If you prefer a video walkthrough, you can watch a quick 10 min demo (between 1:04 and 9:57):

Other Considerations

Even though CircleCI and ArgoCD provide a ton of functionality for your CI/CD pipeline, as with any software, there are a few other considerations to discuss with your team as usage grows:

  1. Don’t rely on deployment failure to validate the manifests. At the very least, test the configuration code during the CI process using linting tools (e.g. helm lint ). Developers can also manually validate the correct values using tools such as helm template .
  2. Secret management is tricky when it comes to GitOps. ArgoCD works with most popular solutions (e.g.

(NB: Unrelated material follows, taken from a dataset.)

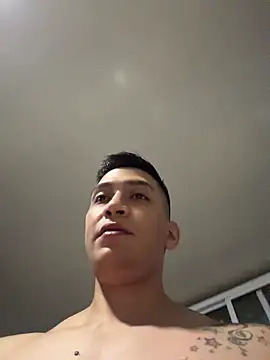 OliverWest04n Webbikameraesitys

Bitnami Sealed Secrets, Godaddy Kubernetes External Secrets, External Secrets Operator, Hashicorp Vault, Banzai Cloud Bank-Vaults, Helm Secrets, Kustomize secret generator plugins, aws-secret-operator, KSOPS) with some community-driven examples listed on this Github discussion.
  3. As the number of apps grows, it becomes a challenge to bootstrap a new cluster. ArgoCD presents a solution via apps of apps pattern where one ArgoCD application encompasses child apps. If there’s a logical grouping, this pattern works great. If not, until multi-cluster deployment is supported, you’ll have to write some scripts to programmatically create pipelines via the CLI.
  4. Finally, don’t forget to back up ArgoCD data. Even though all the configuration is checked into Git, it’ll be easier to import from a backup then run through all the pipelines to recreate if ArgoCD goes down.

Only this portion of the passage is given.